#### [REQUIREMENT]
In the records below, repeat exactly the lines between the line holding "Mr Sirthedom online" and the line holding "Dme [Career Art", inclusive, and drop the pictures.

#### [DATA EXTRACTS]

________________________

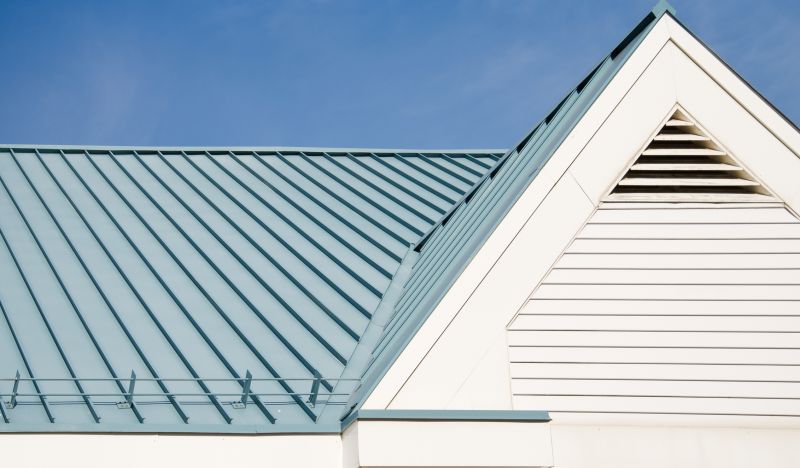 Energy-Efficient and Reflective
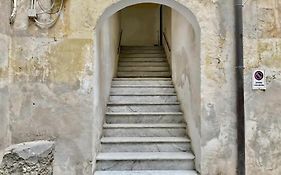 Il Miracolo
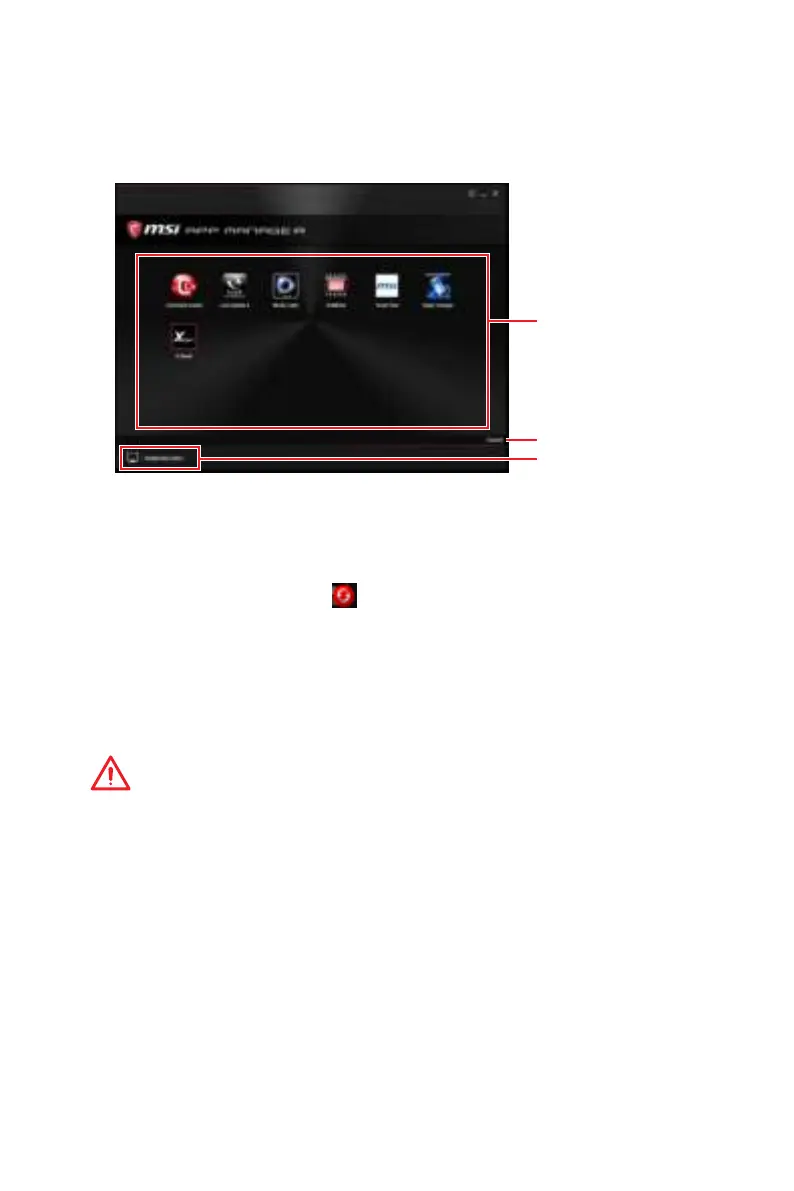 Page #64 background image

________________________

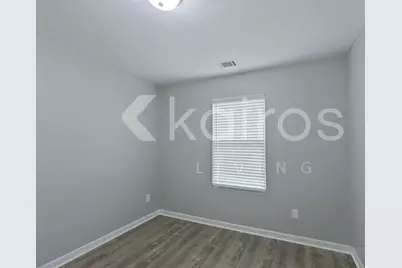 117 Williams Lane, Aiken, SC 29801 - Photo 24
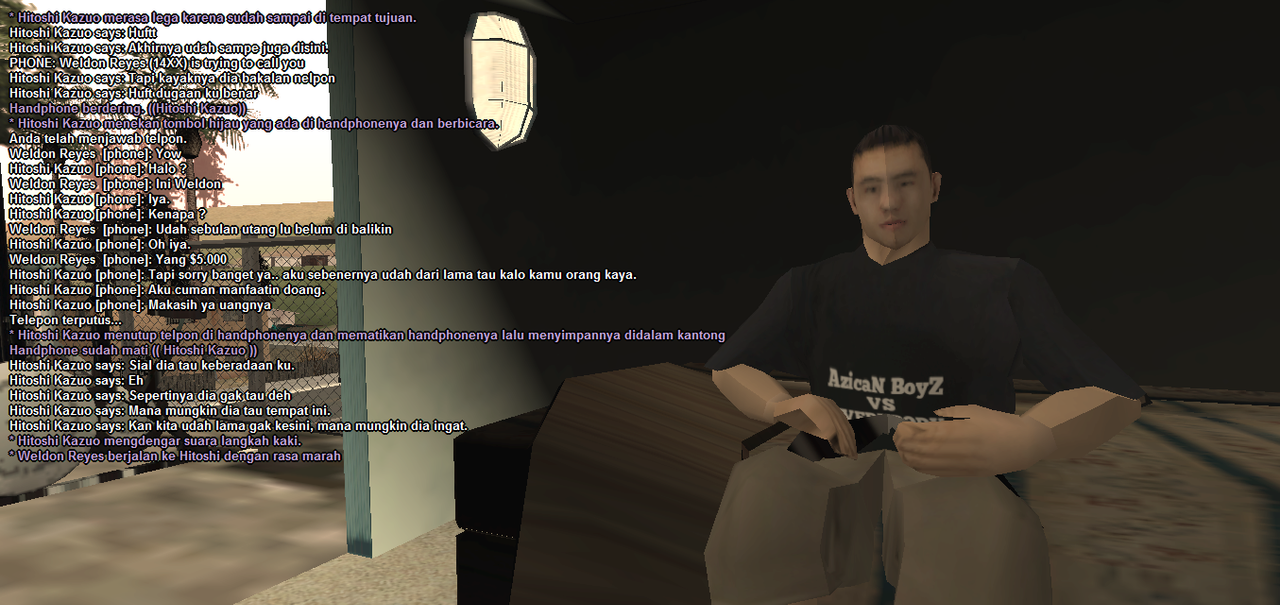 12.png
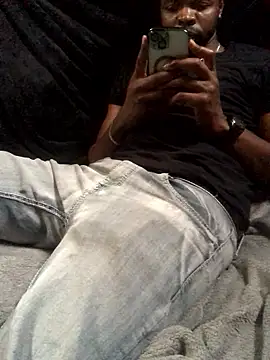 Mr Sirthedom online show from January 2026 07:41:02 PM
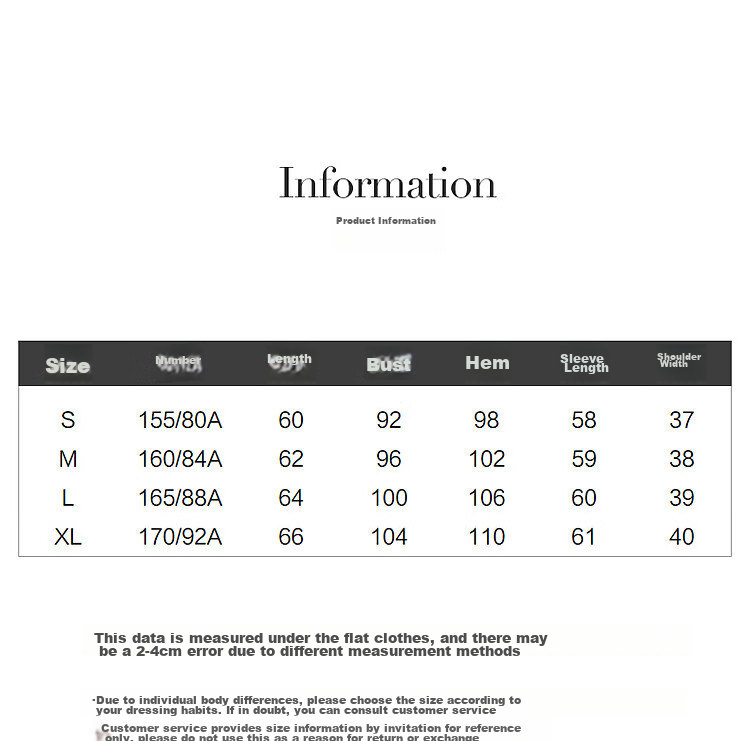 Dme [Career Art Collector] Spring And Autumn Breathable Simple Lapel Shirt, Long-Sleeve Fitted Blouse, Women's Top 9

________________________

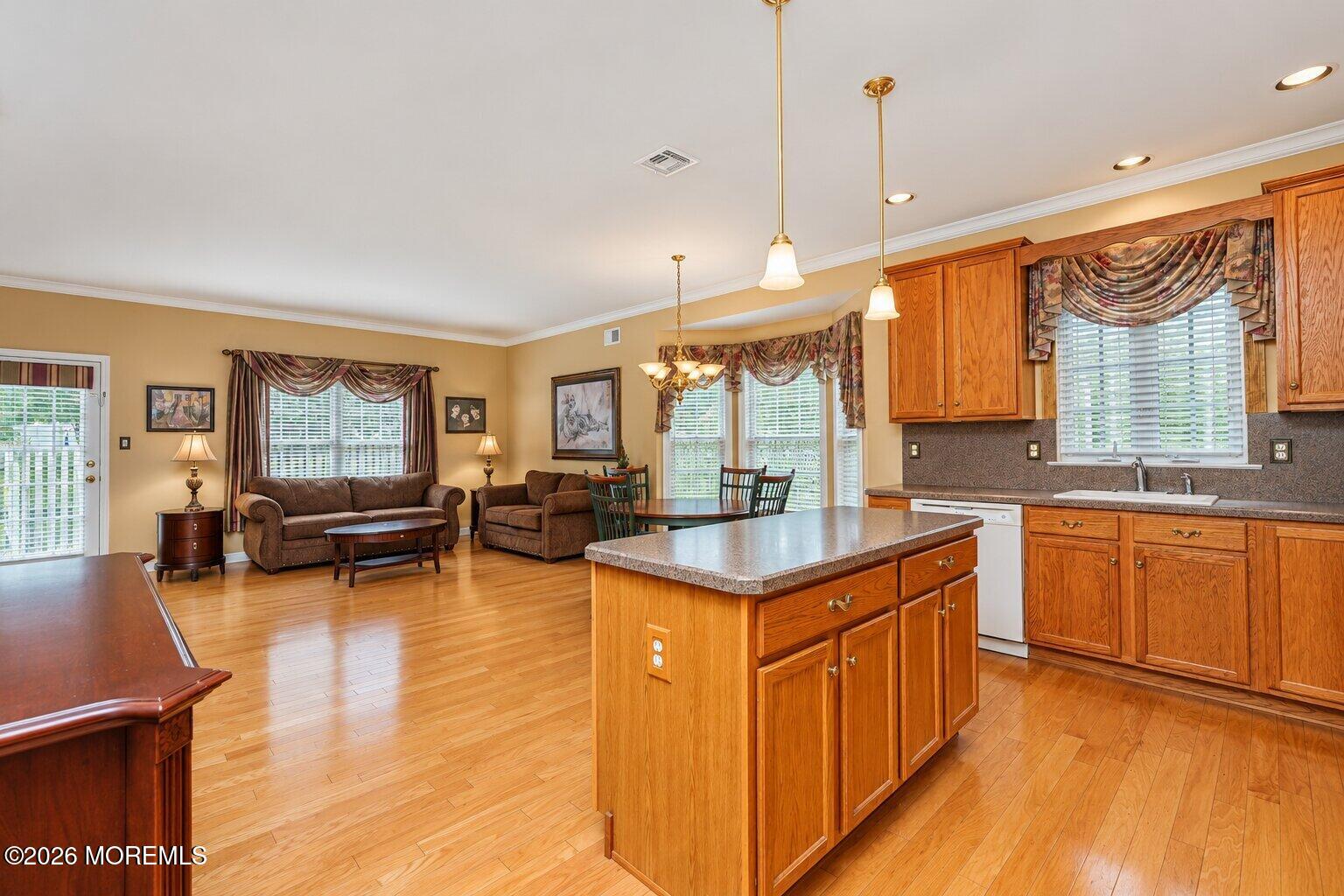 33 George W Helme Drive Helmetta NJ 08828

________________________

#### [WRITTEN SOLUTION]
 Mr Sirthedom online show from January 2026 07:41:02 PM
 Dme [Career Art Collector] Spring And Autumn Breathable Simple Lapel Shirt, Long-Sleeve Fitted Blouse, Women's Top 9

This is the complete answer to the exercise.